Massachusetts' Killswitch Engage are also considered to be a pioneering force in the genre, along with artists such as 7 Angels 7 Plagues, Chimaira, Dead to Fall, Heaven Shall Burn and Unearth. Of these bands, frequently cited influences include In Flames, Slayer, At the Gates and Pantera. Belgian groups also played a large part in the development of the genre in its early years, as bands such as Arkangel began embracing the sounds of melodic death metal in their traditional metalcore sound, as early as 1998.

Commercial success

Killswitch Engage released their sophomore album Alive or Just Breathing in 2002, which has been noted as a significant influence on many bands to follow, such as Jinjer, August Burns Red and Miss May I. By 2004 the genre saw increasing prominence, with Shadows Fall's The War Within debuting at number 20 on the Billboard album chart.

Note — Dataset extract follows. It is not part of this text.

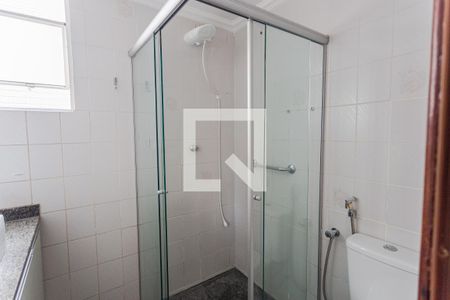 Banheiro da Suíte de apartamento para alugar com 3 quartos, 90m² em Silveira, Belo Horizonte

Trivium released their sophomore album, Ascendancy, in 2005, which peaked at 75 on the UK Albums Chart, made the band one of the more prominent bands in the scene at that point, despite changing their style away from melodic metalcore on many occasions. Killswitch Engage's 2006 effort As Daylight Dies was described by Brandon Tadday of Overdrive Magazine as "without a doubt one of the most impactful releases for melodic metalcore during the mid-2000s", peaking at number 32 on the Billboard 200 and spending 22 weeks in the charts. In 2008 the All That Remains' single "Two Weeks" peaked at number 9 at the Mainstream Rock Tracks chart in the U.S., and on the Modern Rock Tracks chart at number 38. In 2007, the song "Nothing Left" by As I Lay Dying was nominated for a Grammy award in the "Best Metal Performance" category. An Ocean Between Us (the album that included "Nothing Left") itself was a commercial success, debuting at number 8 on the Billboard 200.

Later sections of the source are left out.